因为Redis的数据都储存在内存中,当进程退出时,所有数据都将丢失。为了保证数据安全,Redis支持RDB和AOF两种持久化机制有效避免数据丢失问题。RDB可以看作在某一时刻Redis的快照(snapshot),非常适合灾难恢复。AOF则是写入操作的日志。本文主要讲解RDB、AOF和混合结合使用。
RDB就像是一台给Redis内存数据存储拍照的照相机,生成快照保存到磁盘的过程。触发RDB持久化分为手动触发和自动触发。Redis重启读取RDB速度快,但是无法做到实时持久化,因此一般用于数据冷备和复制传输。
1.阻塞: 使用save命令:此命令会使用Redis的主线程进程同步存储,阻塞当前的Redis服务器,造成服务不可用,直到RDB过程完成。无论当前服务器数据量大小,线上不要用。
2.非阻塞: 使用bgsave命令:此命令会通过fork()创建子进程,在后台进程存储。只有fork阶段会阻塞当前Redis服务器,不必到整个RDB过程结束,一般时间很短(因为不需要复制父进程的物理内存空间,只是将父进程的 虚拟内存 与 物理内存 映射关系复制到子进程中)。因此Redis内部涉及到RDB都采用bgsave命令。这里注意一点,无论RDB还是AOF,由于使用了写时复制,fork出来的子进程不需要拷贝父进程的物理内存空间,但是会复制父进程的空间内存页表。
一般我们是不会直接用命令生成RDB文件的,Redis支持自动触发RDB持久化机制,配置都在redis.conf文件里面
################################ SNAPSHOTTING ################################
# Save the DB to disk.
#
# save
#
# Redis will save the DB if both the given number of seconds and the given
# number of write operations against the DB occurred.
#
# Snapshotting can be completely disabled with a single empty string argument
# as in following example:
#
# save ""
#
# Unless specified otherwise, by default Redis will save the DB:
# * After 3600 seconds (an hour) if at least 1 key changed
# * After 300 seconds (5 minutes) if at least 100 keys changed
# * After 60 seconds if at least 10000 keys changed
900秒(15分钟)内至少1个key值改变(则进行数据库保存--持久化)
300秒(5分钟)内至少10个key值改变(则进行数据库保存--持久化)
60秒(1分钟)内至少10000个key值改变(则进行数据库保存--持久化)
只要满足其中的任何一种都可以触发rdb
save "" 关闭rdb
# You can set these explicitly by uncommenting the three following lines.
#
save 3600 1
save 300 100
save 60 10000
# By default Redis will stop accepting writes if RDB snapshots are enabled
# (at least one save point) and the latest background save failed.

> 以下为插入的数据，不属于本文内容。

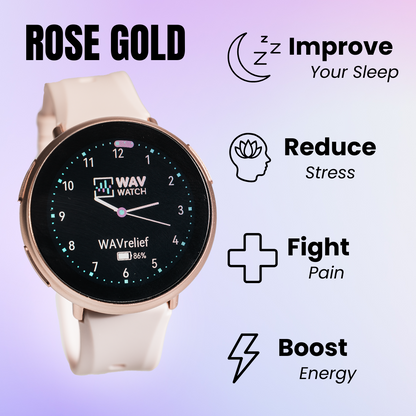WAVwatch 2.0 - WAVwatch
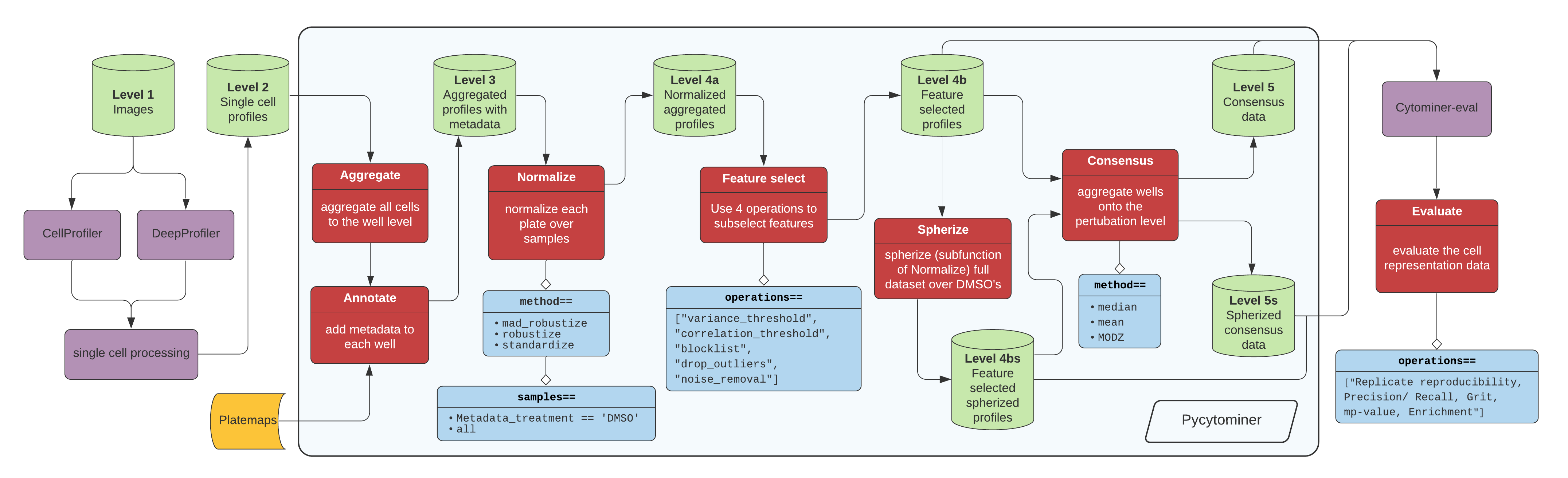 pipeline.png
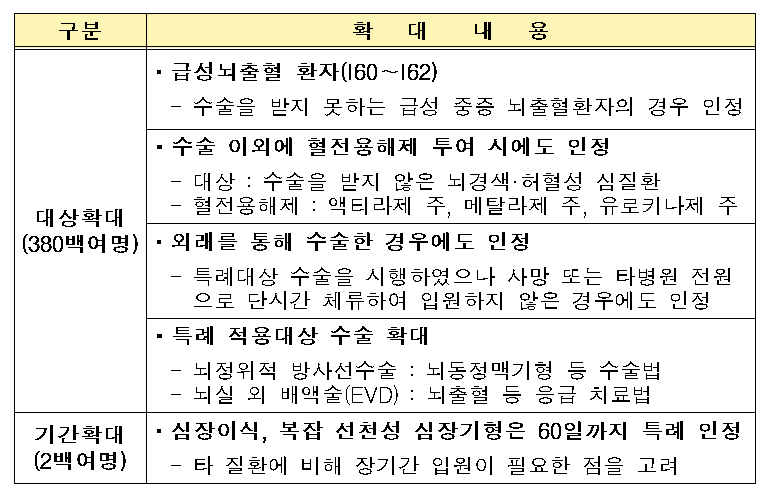 건강보험정책심의위원회1.jpg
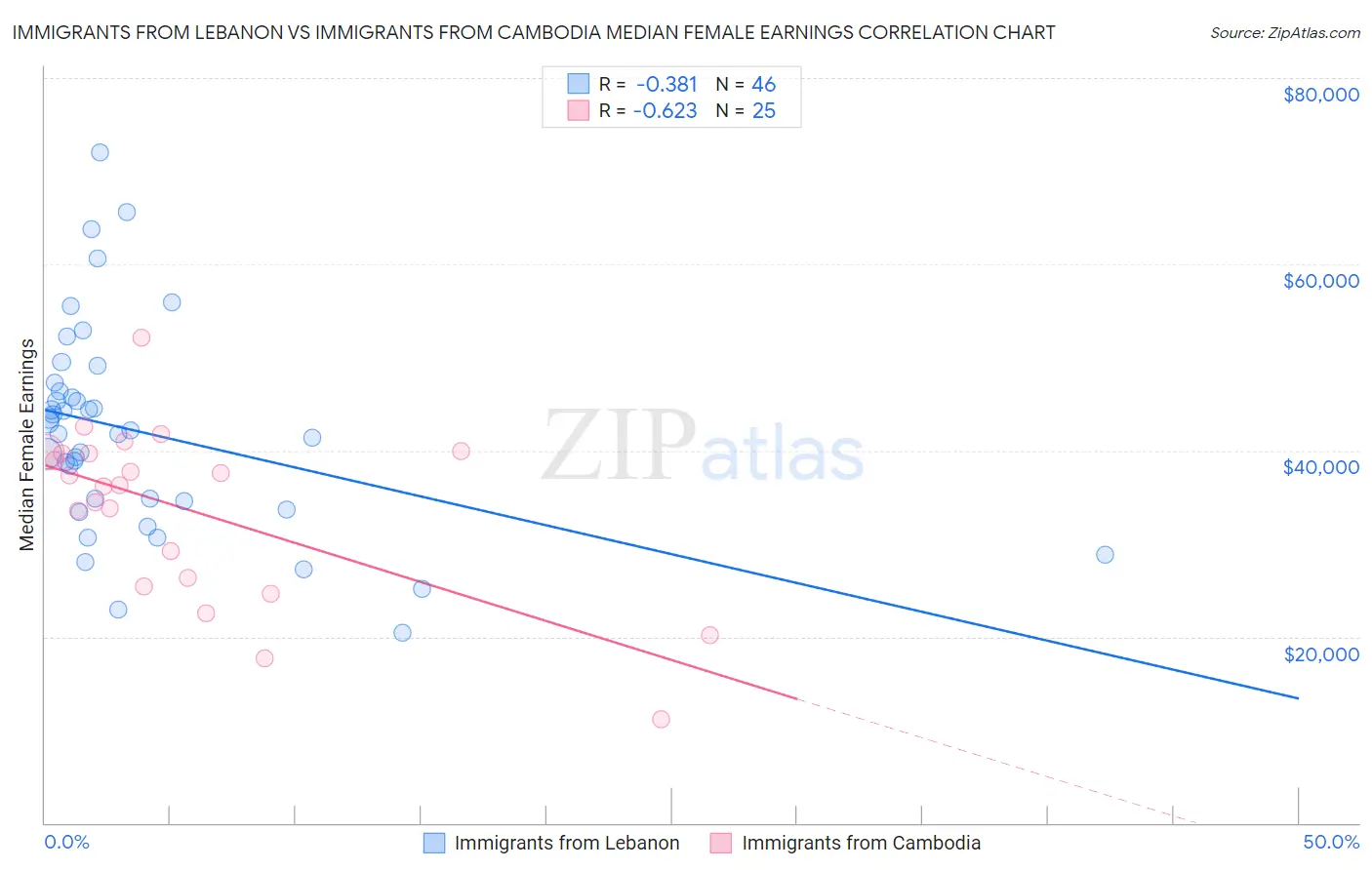 Immigrants from Lebanon vs Immigrants from Cambodia Median Female Earnings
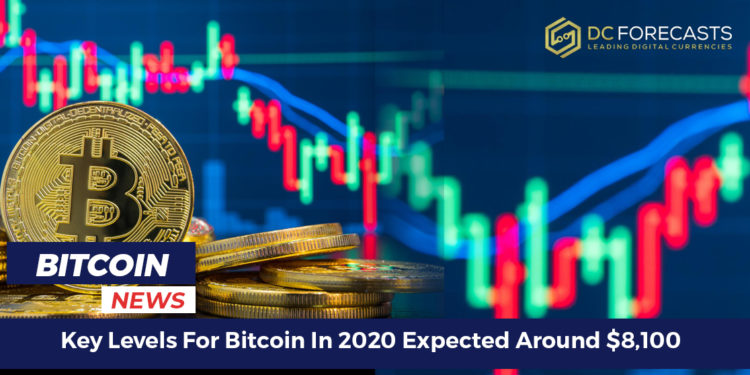 Compare Cryptocurrencies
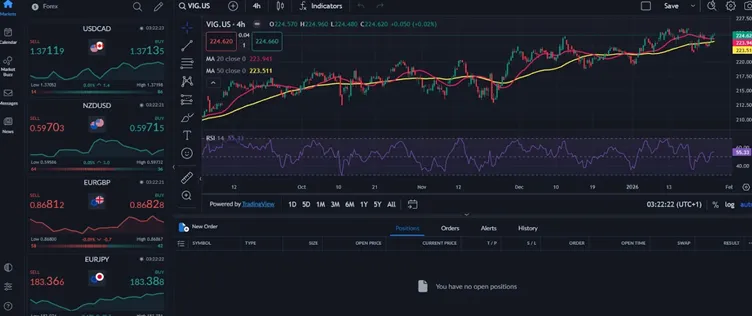 Scalping Trading, Swing Trading y Day Trading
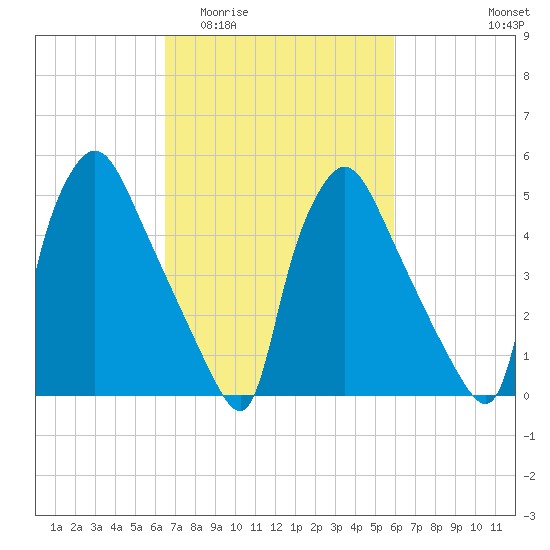 Darby Creek tide chart for Monday, March 3, 2025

# This will make the user aware (in a hard way) that data is not persisting
# on disk properly, otherwise chances are that no one will notice and some
# disaster will happen.
#
# If the background saving process will start working again Redis will
# automatically allow writes again.
#
# However if you have setup your proper monitoring of the Redis server
# and persistence, you may want to disable this feature so that Redis will
# continue to work as usual even if there are problems with disk,
# permissions, and so forth.
如果是yes,当bgsave命令失败时Redis将停止写入操作,这样会让用户了解到数据没有被正确的存储到磁盘上。
否则没人会注意到这个问题,可能会造成灾难。
stop-writes-on-bgsave-error yes
# Compress string objects using LZF when dump .rdb databases?
# By default compression is enabled as it's almost always a win.
# If you want to save some CPU in the saving child set it to 'no' but
# the dataset will likely be bigger if you have compressible values or keys.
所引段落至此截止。